Listed entries:
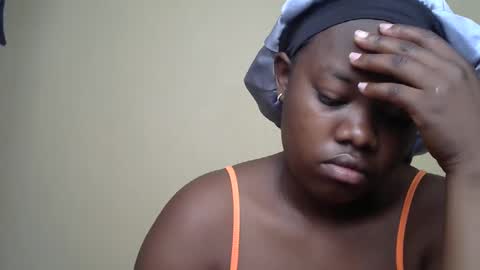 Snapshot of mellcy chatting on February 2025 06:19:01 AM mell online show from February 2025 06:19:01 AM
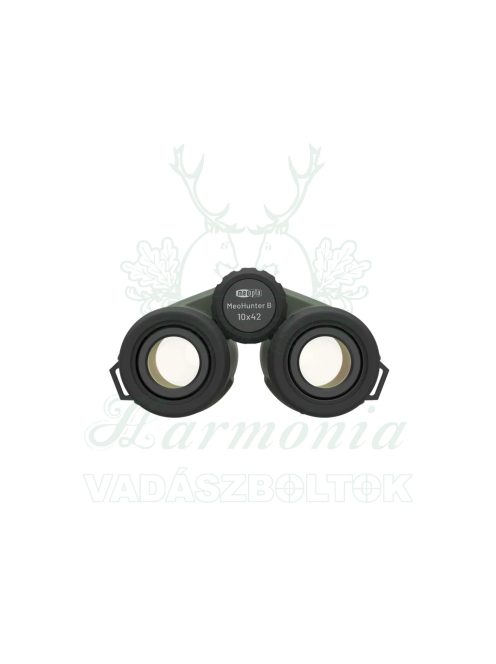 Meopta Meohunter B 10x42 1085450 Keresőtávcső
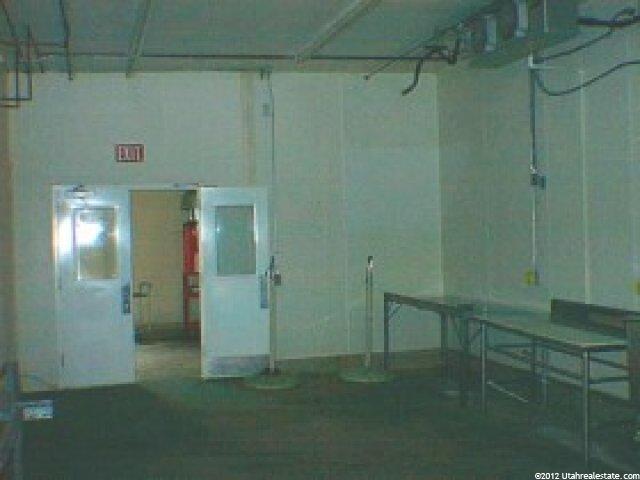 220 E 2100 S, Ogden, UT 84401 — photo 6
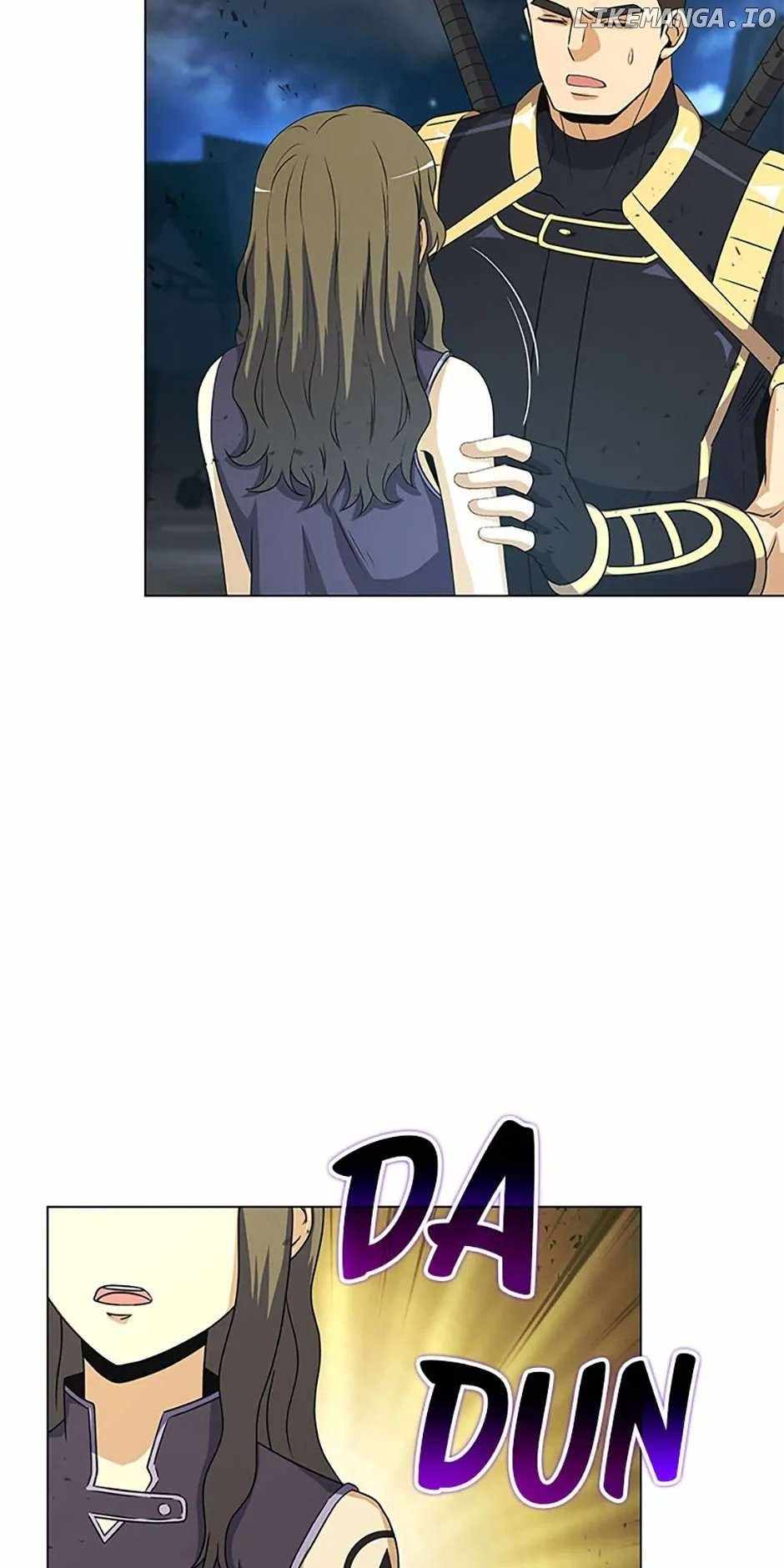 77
---
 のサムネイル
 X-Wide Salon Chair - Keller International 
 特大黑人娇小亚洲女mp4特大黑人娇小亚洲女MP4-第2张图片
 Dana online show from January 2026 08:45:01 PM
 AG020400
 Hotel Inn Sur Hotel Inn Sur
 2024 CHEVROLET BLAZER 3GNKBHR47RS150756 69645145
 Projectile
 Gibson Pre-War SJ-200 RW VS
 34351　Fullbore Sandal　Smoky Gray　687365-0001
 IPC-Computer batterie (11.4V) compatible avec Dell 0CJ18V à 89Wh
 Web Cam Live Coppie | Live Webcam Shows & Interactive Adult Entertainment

Assigned task: Produce only the lines from the line containing "34351　Fullbore Sandal　Smoky Gray　687365-0001" through the line containing "Web Cam Live", inclusive of both, exactly as they stand in the entries above.

Task solution:
 34351　Fullbore Sandal　Smoky Gray　687365-0001
 IPC-Computer batterie (11.4V) compatible avec Dell 0CJ18V à 89Wh
 Web Cam Live Coppie | Live Webcam Shows & Interactive Adult Entertainment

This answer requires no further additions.